I was embarrassed to move back in with my parents at 53. But they love having me around, and I’m finally pursuing my dream career.
It’s nice to be able to spend more time with my family.
2023 was a hard year for me. My second marriage was unraveling, and I was in the midst of a mental-health crisis.
After being a pastor’s wife for 23 years and taking an early retirement from teaching to join him full-time in ministry, I wasn’t sure where I was going or who I was anymore.
To make matters worse, I was living in Mississippi, which was about a five-hour trip to my family in Louisiana.
But on a trip back home amid my impending divorce, my sister posed the idea of moving back in with my parents in Louisiana. After all, they were aging, and my sister had been shouldering the burden of caring for both them and her children for nearly two decades.
The offer to move home was tempting, but I felt like I’d be slinking back to town with my middle-aged tail tucked between my legs. I was publicly processing my pain and couldn’t give people more to talk about by “moving in with mommy.”
I knew I was successful — I have a master’s degree and plenty of community-leadership accolades. However, I’d already gotten tongues wagging by tossing in my prim-and-proper status as a pastor’s wife.
But after years of focusing on others, I knew it was time to turn my attention toward myself.
I was reluctant at first, but I decided it was time to follow my sister’s advice
Although my sister was overwhelmed by having to care for our parents over the years, I was actually jealous of the time she had with them.
And the more I thought about it, the more I realized moving back home could give me the opportunity to reconnect with my family in person, while also focusing on my own future.
During this time, I remembered an article I’d read a few years back, which encouraged readers facing mid-life turmoil to revisit the dreams they’d had at age 10.
My dream had been to work full-time as a writer. However, life got in the way, and writing became a part-time hobby instead of a career.

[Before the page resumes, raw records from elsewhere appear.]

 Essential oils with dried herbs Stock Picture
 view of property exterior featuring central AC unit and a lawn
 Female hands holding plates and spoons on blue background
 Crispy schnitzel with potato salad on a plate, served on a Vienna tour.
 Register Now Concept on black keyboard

I called my parents and asked if I could live with them temporarily while I pursued a writing career, and they graciously agreed. Just as they had in my childhood, they believed they were investing in my future.
It was a roller coaster at first, but the safety of moving back home was healing.

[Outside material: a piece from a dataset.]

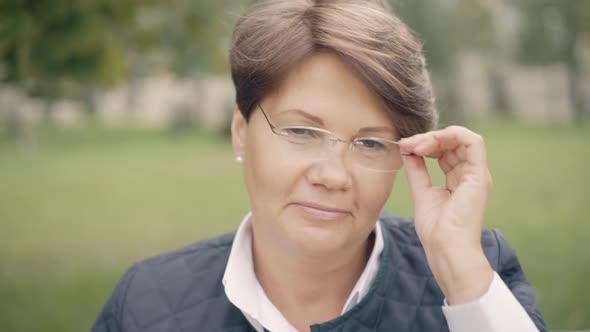 Headshot of Confident Senior Beautiful Woman Putting on Eyeglasses and Smiling at Camera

In some ways, moving home was great. I got to participate in the game nights I’d missed out on while I was away, and heart-to-hearts with my dad were now in person instead of over the phone.
But I was also working through some past trauma while often reverting to my rebellious teenage self. I was moody and emotionally unstable at times and sometimes struggled with guilt over putting my own wants and needs first.
However, being in the safety of my parents’ home was healing. I jokingly referred to their dog as my little sister and not-so-jokingly relied on her as an emotional-support pet.
I reclaimed a friendship with my former husband, took on the responsibility of caring for my parents, and learned how to help my mom without taking over her home.
I found some jobs writing for local newspapers and magazines, many of which were uncompensated. In the last nine months, I’ve had over 300 articles published locally and spent an average of 70 hours a week writing — which never would’ve been possible with a second full-time job and rent to pay.
While my parents are undoubtedly my biggest supporters, I realize I’ve become invaluable to them as well. I once joked with my mom that I had to act better than I did as a teenager since, this time, she could actually kick me out.
“Now, why would I do that? What would I do without you here?” she said.
My mouth dropped open, and tears filled my eyes. It was the nicest thing she could’ve ever said to me.